Aegis turned back to me, smiling. "You are lucky that I have come along," he said in his gravelly, wet voice. "None but a High Actem would have the skills to repair that kind of damage. And none but me would have the nerve to do it."

He grew solemn as he reached up and ran a hand down my head, petting me like a dog.

"I do not want to see you turned out to the king's revenants, used up like an old dishrag.

I like you, you see. I have liked you since you were the barest slip of a girl, when I gave you your pretty golden bracelets. "

Shock ran through me at the revelation. Had Markus truly been conspiring with the Shadowlands since I was a child? How long had I been promised to Penjan?

"You probably do not often think of your bracelets, do you, child?" he asked with a secretive smile.

The hand that had been trailing down the side of my head slid down across my collarbone until it lay just over my heart. With fumbling, shaky fingers, he slid it lower, trailing over the outline of my breast.

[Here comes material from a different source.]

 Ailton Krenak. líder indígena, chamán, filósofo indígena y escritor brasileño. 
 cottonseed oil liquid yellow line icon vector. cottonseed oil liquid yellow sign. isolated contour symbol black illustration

"You were such a small, delicate thing then. Who knew you would grow to be so...pretty." The tip of his tongue darted out, almost like a snake scenting the air. He inhaled deeply again. "If I had known you would let yourself be ruined, I would have taken the opportunity myself."

Anger exploded in my chest, and something broke free.

My hand came up, the metal cuff of my bracelet striking his head with a dull crack. Pain radiated up my arm as he went careening off to the side, landing in a heap on the stones.

As I moved to reach for him, he screamed like a petulant child. "Stop! Don't move!"

My fucking body betrayed me again. I stopped, my muscles frozen. I could not move again.

I looked down at the disgusting creature, and I wanted to pull my very bones out of my skin and use them to beat him to death. I would gladly have used my last breath of air to end his pathetic existence.

But I could do nothing. I was once again helpless, enthralled, enslaved.

I watched as a group of necromancers, all missing their last two fingers, came into the cell to lift the old man from where he had fallen onto the stone floor.

Blood trickled down the side of his head, and he had a dazed look on his face. My wrist throbbed from what I was sure were broken bones.

"That was very stupid," Aegis said angrily, pressing his hand to his head and staring at his bloody fingers.

He turned to the door and nodded to someone. After a moment, a guard stepped into the chamber—one of my Royal Guardsmen. His long gold and white embroidered cloak was swept back from his broad shoulders.

"Hold her," Aegis said, his voice rising as though some strong emotion was driving him.